*** Block opens ***

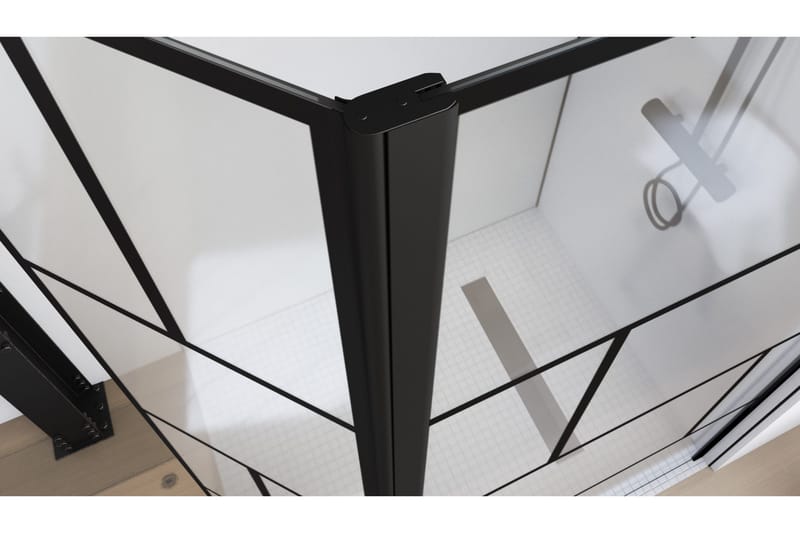 Suihkuseinä Hålahult 130x195 cm - Musta - Talo & remontointi - Keittiö & kylpyhuone - Kylpyhuone - Suihkukalusteet - Suihkuseinät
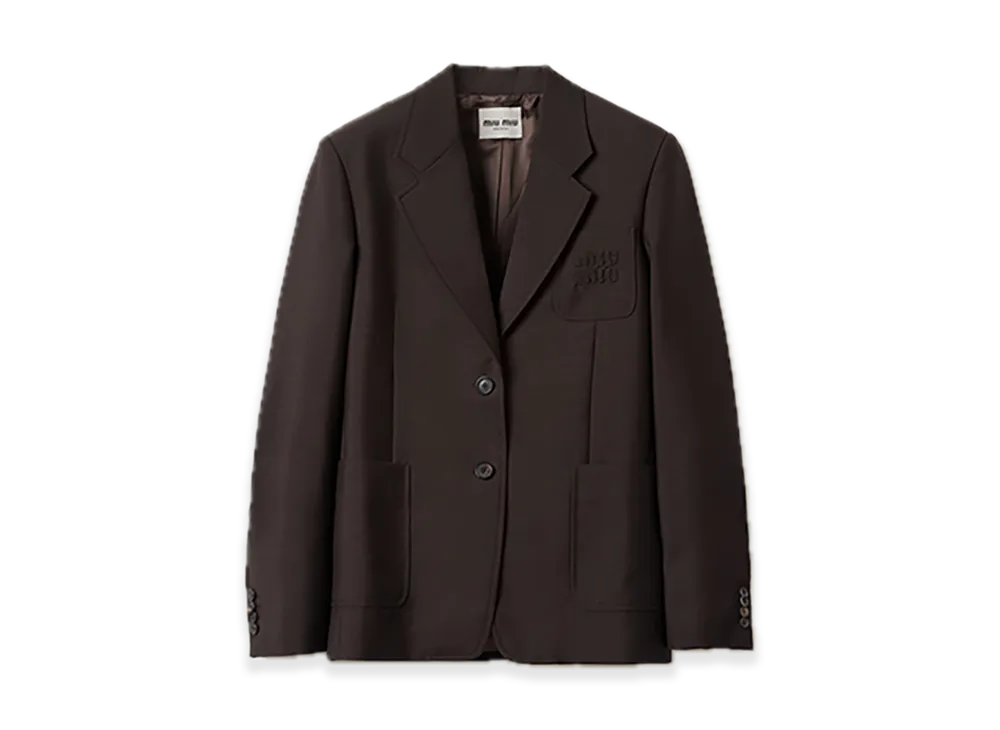 MIU MIU Single-Breasted Mohair Jacket "Dark Brown"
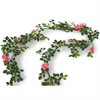 Girlang med rosa rosor & gröna blad konstgjord L:180cm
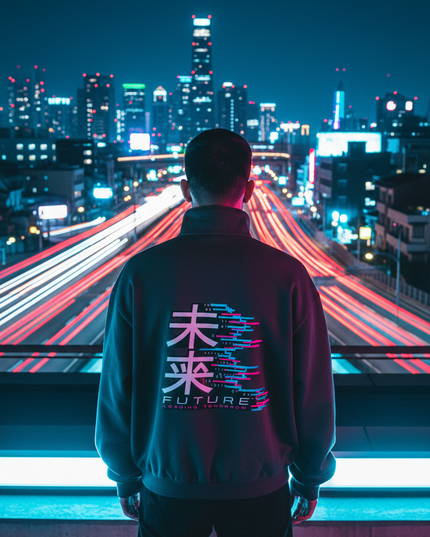 Model in the Core zip jacket with the 未来 print on a neon-lit city street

*** Block closes ***

__DIRECTIONS__: Output the listing unchanged, pictures excluded.

__SOLUTION TO THIS PROBLEM__:
 Suihkuseinä Hålahult 130x195 cm - Musta - Talo & remontointi - Keittiö & kylpyhuone - Kylpyhuone - Suihkukalusteet - Suihkuseinät
 MIU MIU Single-Breasted Mohair Jacket "Dark Brown"
 Girlang med rosa rosor & gröna blad konstgjord L:180cm
 Model in the Core zip jacket with the 未来 print on a neon-lit city street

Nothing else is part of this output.